Rockwood Capital and Partners Snap Up 849-Unit Miami Luxury Condo for $141M

Miami--Everglades on the Bay, a mixed-use luxury condominium property in Miami, has just traded for far, far below replacement cost.

By Barbra Murray, Contributing Writer

Miami–Everglades on the Bay, a mixed-use luxury condominium property in Miami, has just traded for far, far below replacement cost. Rockwood Capital L.L.C., Duncan Hillsley Capital and Fortune Capital Management Services acquired the two-tower asset, which Cabi Downtown L.L.C. developed at a cost of approximately $300 million in 2008, for $141 million. The new owners have a long way to go before reaching full sell-out of the 849 residences, but they are confident that they will achieve their goals, and it’s a confidence that is backed by a few legitimate factors.

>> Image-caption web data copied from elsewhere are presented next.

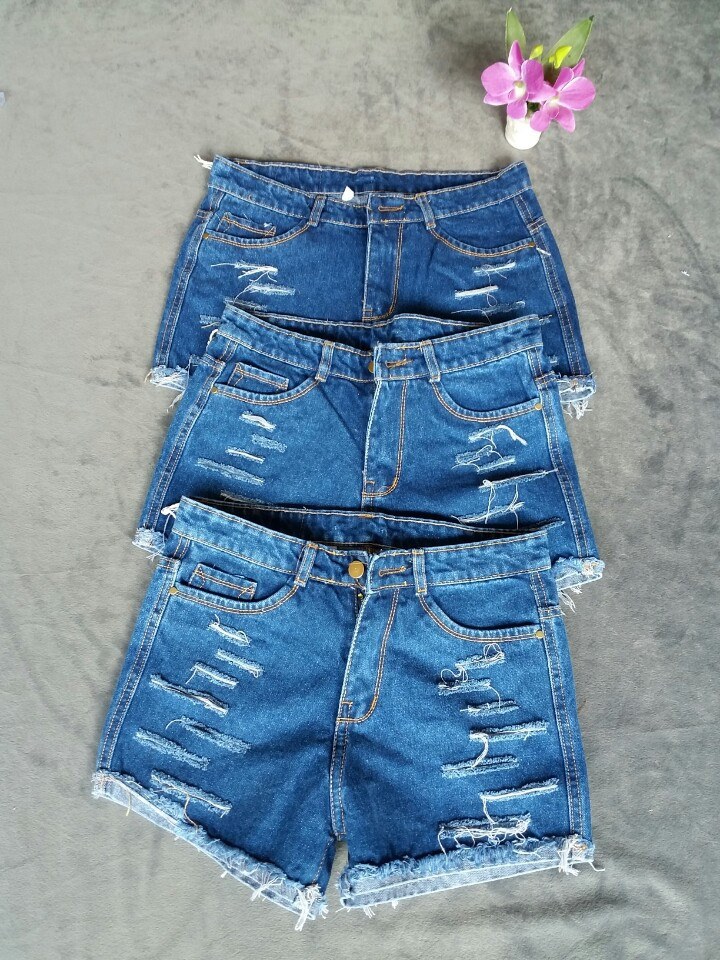 Quần short jean - Q661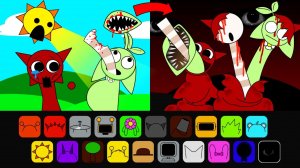 Спринклирование НА ВСЕХ этапах | Сборник Incredibox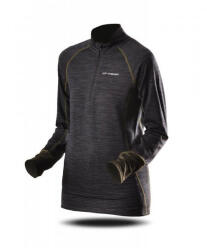 Trimm Clinic Lady női pulóver M / szürke/zöld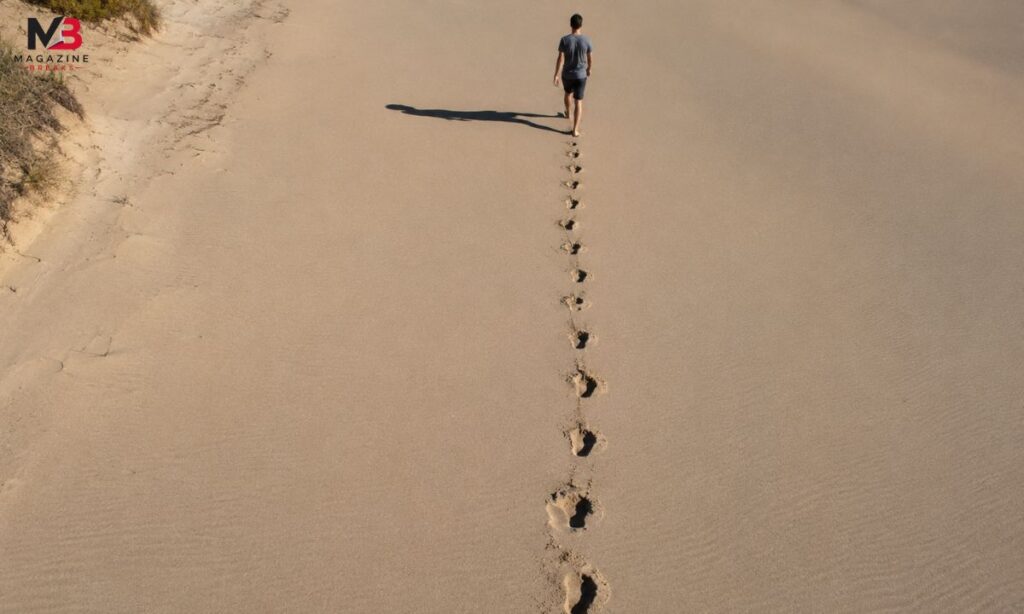 40 Human Steps Length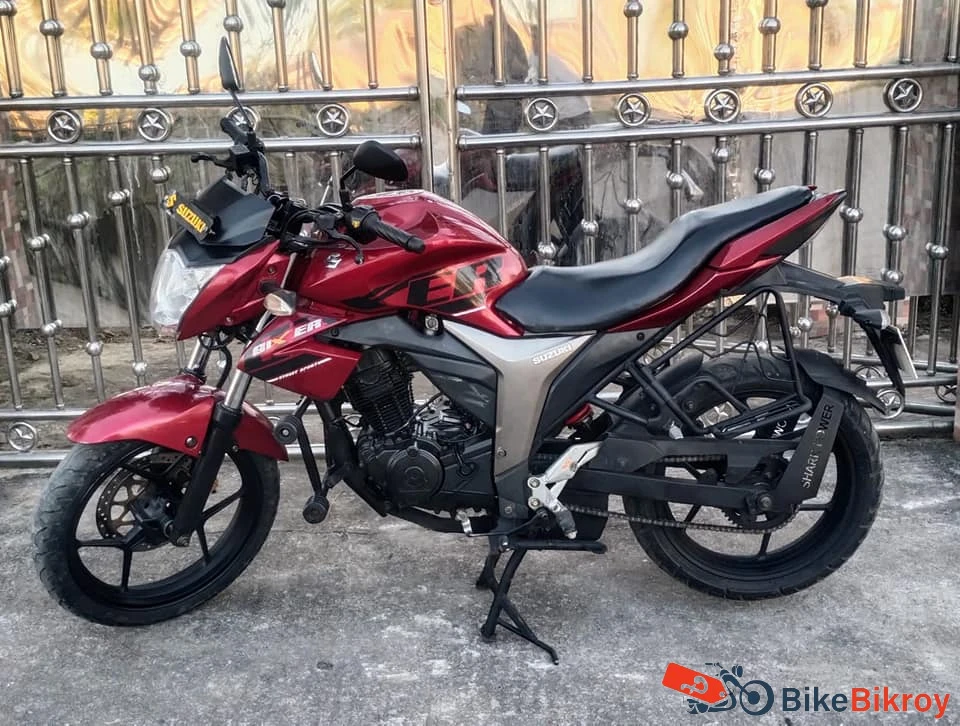 Suzuki Gixer 2019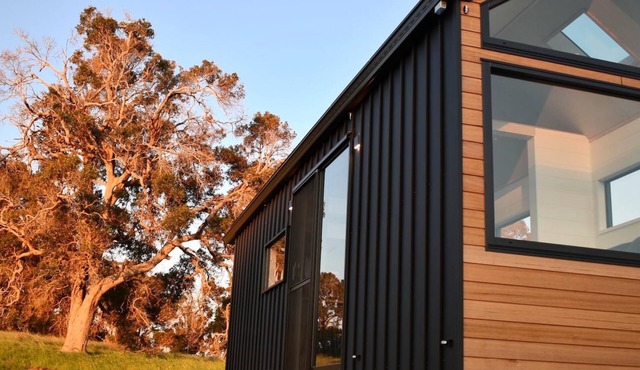 Juniper Tiny House - big on sustainability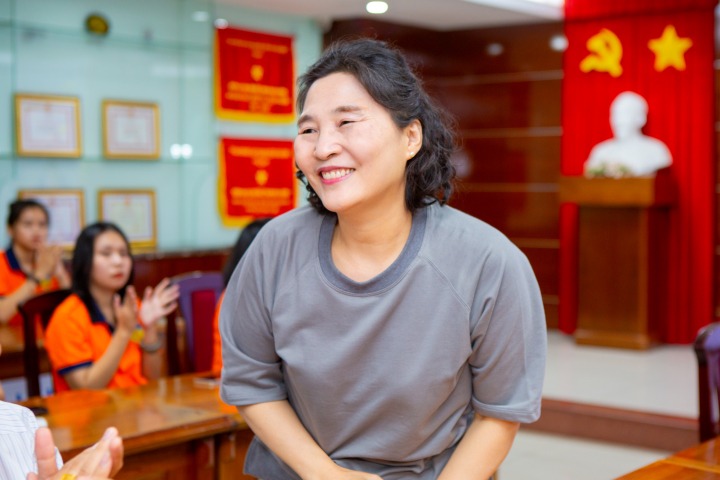 Tân sinh viên VKIT tìm hiểu và học hỏi kiến thức văn hóa, xã hội Hàn Quốc 20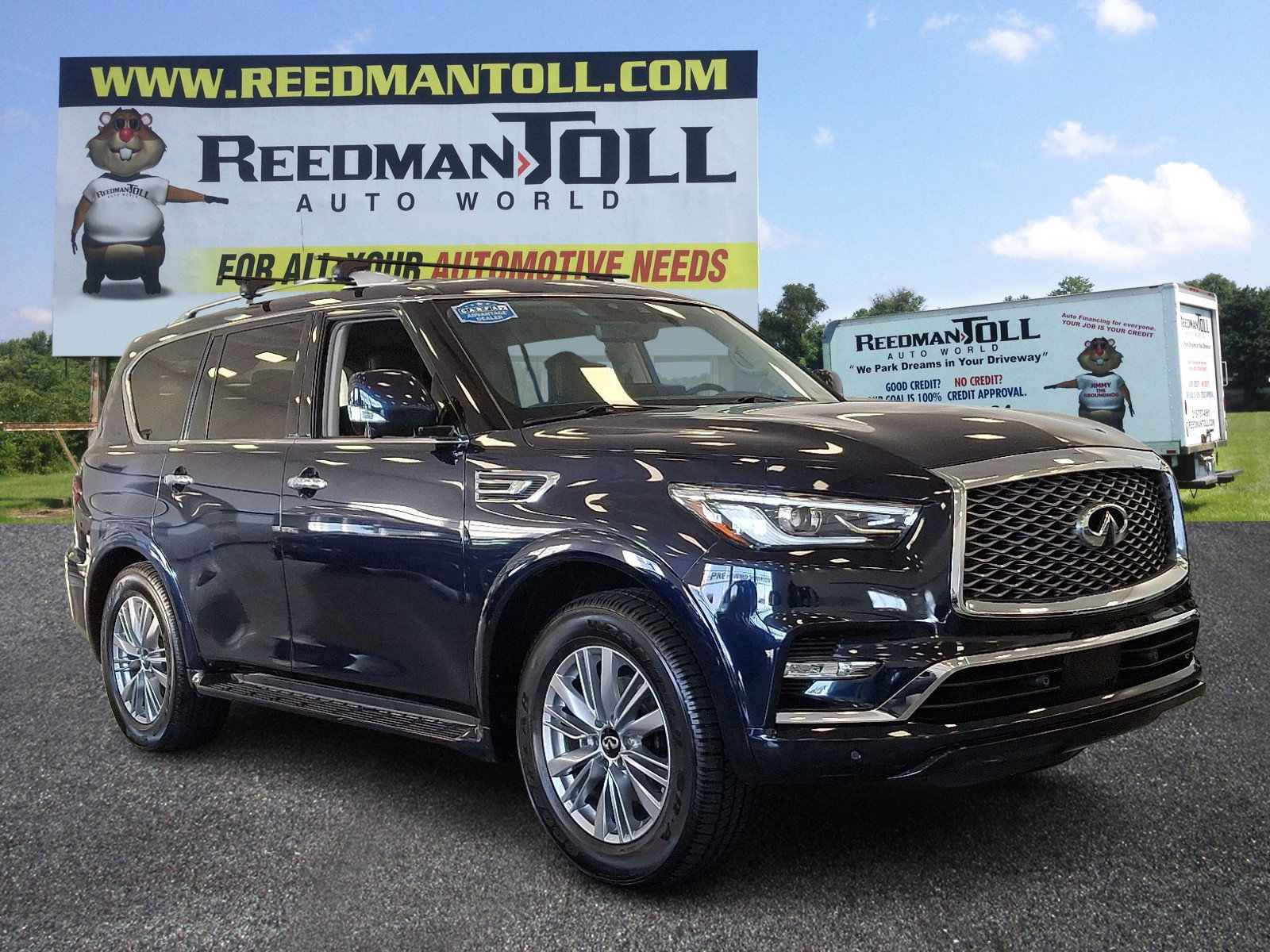 Used 2024 INFINITI QX80 Luxe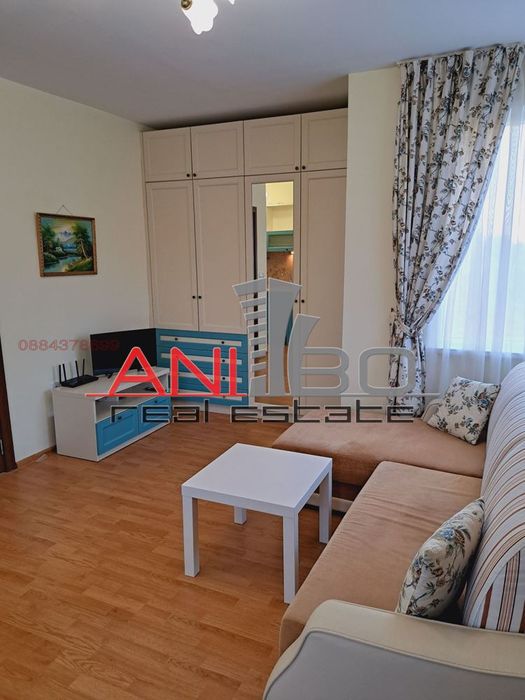 Дава се под наем Едностаен апартамент в Варна, Цветен квартал - 36 кв.м за 325 € - Снимка #1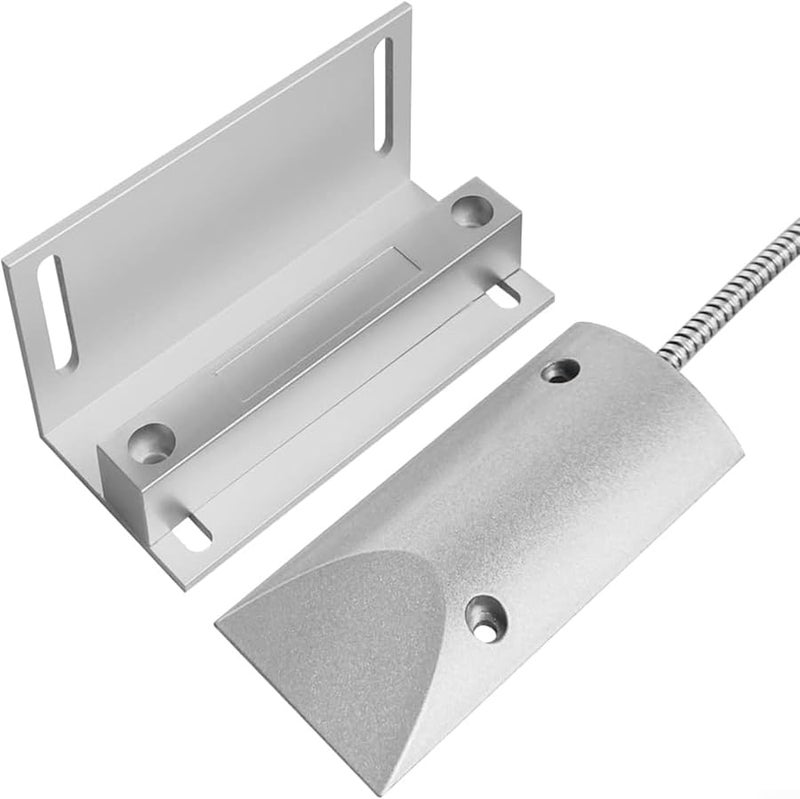 Magnetic Garage Door Sensor Switch Normally Closed With Adjustable Bracket 2 Sets - Image 4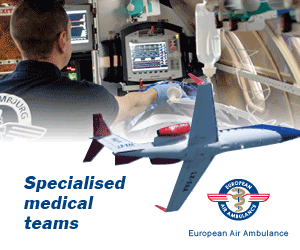 European Air ambulance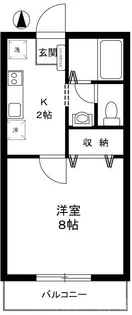 ギャラリー2133【3階】の間取り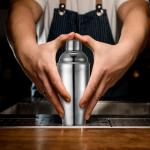 6-Piece Stainless Steel Cocktail Shaker Set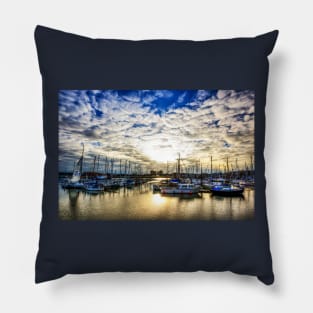 Grimsby Marina Boats & Yachts Pillow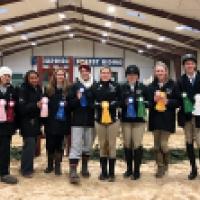 Equestrian Team’s Success at Co-hosted Show!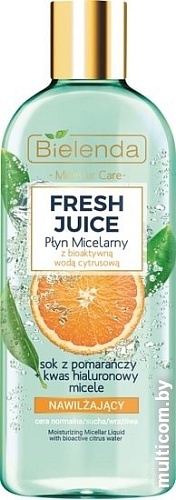 Bielenda Fresh Juice увлажняющая апельсин 500 мл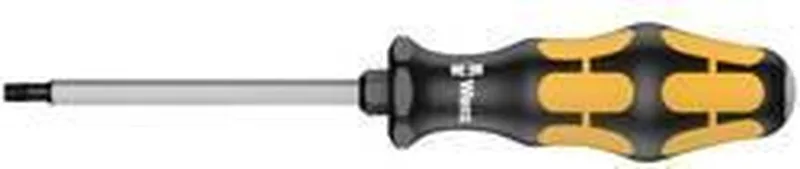 Wera 977 pour latelier Tournevis Torx Taille (tournevis) T 27 Longueur de la lame: 125 mm 1 pc(s) de Wera, Kleurloos – image du produit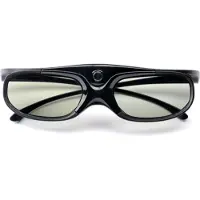 XGIMI 3D Brille Neu, 60 t, 80 mA, Lithium polymer (LiPo), Sort, Plast, 1 stk.
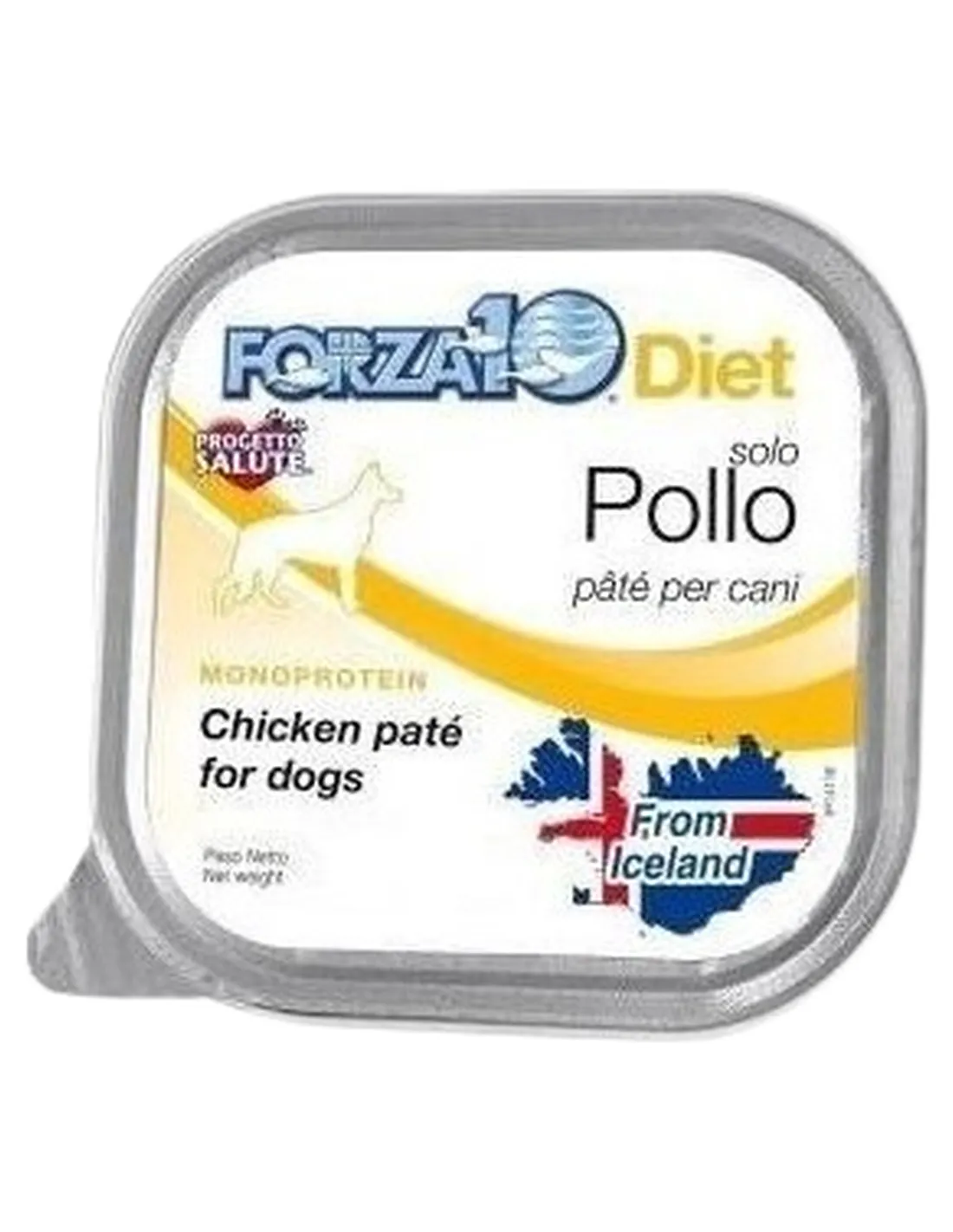 Forza 10 cane diet solo pollo 100 gr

Sited along Biscayne Bay Boulevard in the blossoming arts and entertainment district of downtown Miami, Everglades consists of two 49-story high-rises that–in addition to upscale studios and one- two- and three-bedroom residences–feature 58,000 square feet of public retail space, and 100,000 square feet of amenities ranging from a 13,000 square-foot health club and spa to a private residential lounge. The property, designed by Fullerton Diaz Architects, also offers over 1,000 parking spaces.

It was Cabi’s bankruptcy reorganization plan that paved the way for Rockwood, acting on behalf of investors in one of its equity funds, and partners to grab Everglades at such a reasonable price. Cabi, having fallen victim to the credit crisis and housing collapse, defaulted on a Bank of America loan, which resulted in the transfer of the property’s title to lenders and Cabi’s transition from owner and manager to just manager.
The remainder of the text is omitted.